Yes, a Wyoming Statutory Trust (WST) can absolutely own stock in companies located in other states.

​In fact, one of the primary reasons people form Wyoming Statutory Trusts—and why they are often used for Real Estate Investment Trusts (REITs) or mutual funds—is their immense flexibility in holding and managing diverse assets across state lines.

​1. Statutory Authority

​Under the Wyoming Statutory Trust Act (W.S. § 17-23-101 et seq.), a WST is a separate legal entity. This means it has the legal capacity to:

  • ​Enter into contracts.
  • ​Sue and be sued.
  • Acquire, own, and hold title to real and personal property, which includes corporate stock and LLC interests in any jurisdiction.

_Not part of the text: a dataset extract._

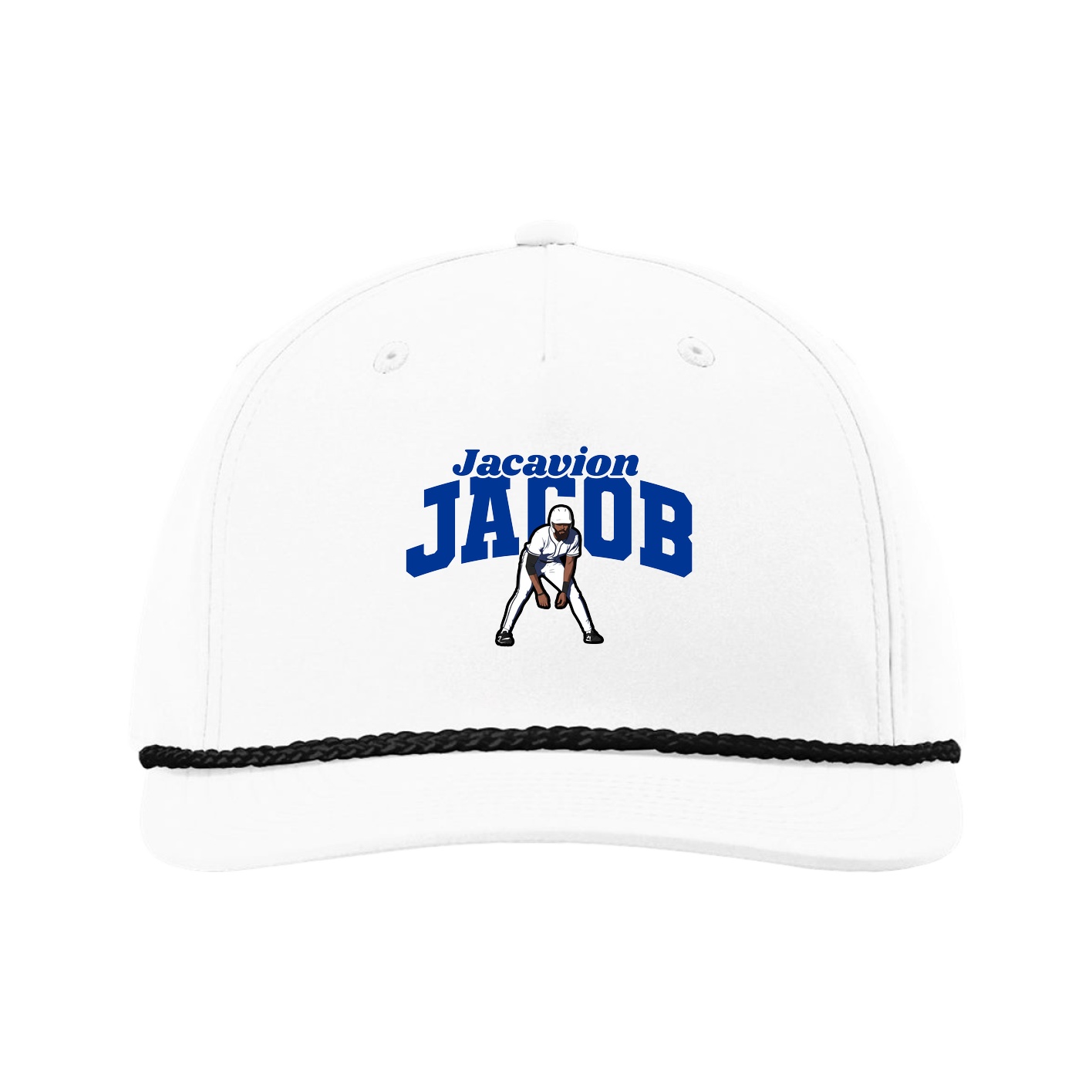 Five-Panel Classic Rope Cap — Signature Arch in White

​2. The Power of the “Governing Instrument”

​The most powerful feature of a WST is the Governing Instrument (similar to an LLC’s Operating Agreement).

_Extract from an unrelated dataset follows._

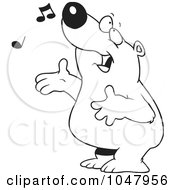 Poster, Art Print Of Cartoon Black And White Outline Design Of A Singing Bear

  • Investment Freedom: Unlike traditional “common law” trusts that may be restricted by “Legal Lists” of approved investments, a WST allows the settlor to grant the trustee the power to invest in virtually anything—including stocks of private or public corporations in California, New York, Delaware, or even internationally.
  • Ownership Rights: Wyoming law (specifically W.S. § 4-10-816) explicitly allows trustees to exercise the rights of an absolute owner over stocks and securities, such as voting, participating in mergers, and exercising options.

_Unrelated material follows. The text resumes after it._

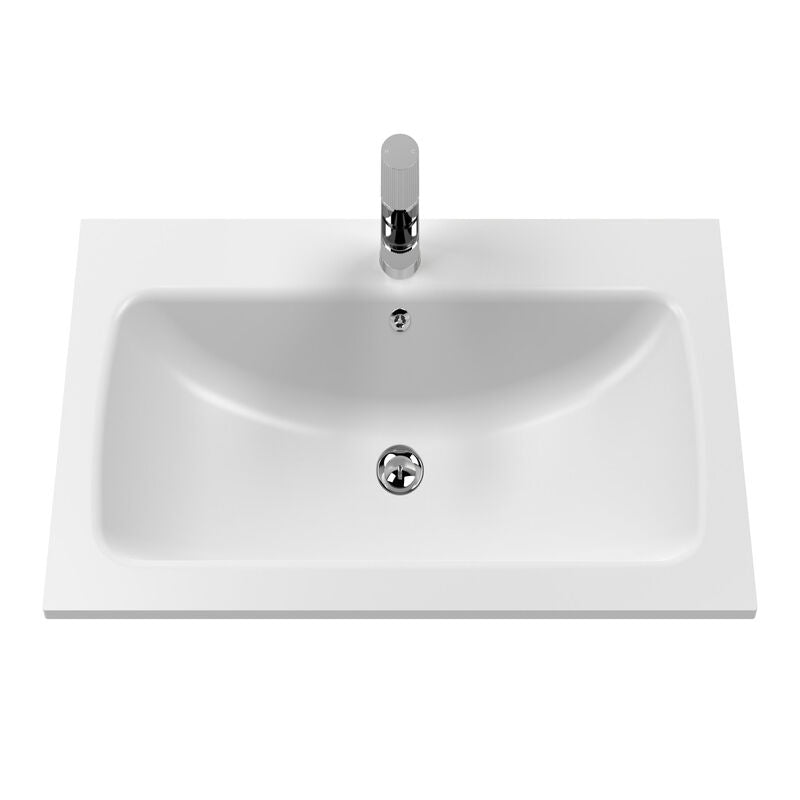 Hudson Reed Bexley 800mm Fern Green 1 Drawer Floor Standing Vanity Unit With 1 Tap Hole White Stone Basin (1 size, 1 colour) - Brand New Bathrooms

​3. Privacy and Asset Protection

​Using a Wyoming Statutory Trust to own out-of-state stock is a common strategy for:

  • Privacy: The trust can hold the stock, keeping the name of the individual owner off the public cap table or state filings of the company being owned.
  • Asset Protection: Assets held within a WST are generally protected from the personal creditors of the beneficial owners.

​Key Considerations

  • Foreign Qualification: While the Wyoming trust can own the stock, if the trust itself begins “transacting business” in another state (like managing a physical factory or office owned by that company), it may need to register as a “Foreign Trust” in that specific state.
  • Taxation: Even though the trust is based in Wyoming (which has no state income tax), the trust may still owe taxes in the state where the company is located if that company issues dividends or pass-through income (like an out-of-state S-Corp or LLC).

Summary: A Wyoming Statutory Trust is a “chameleon” entity that can function like a corporation for ownership purposes but offers the flexibility of a trust. Owning stock in a Texas, Delaware, or Florida company is a standard use case for these entities.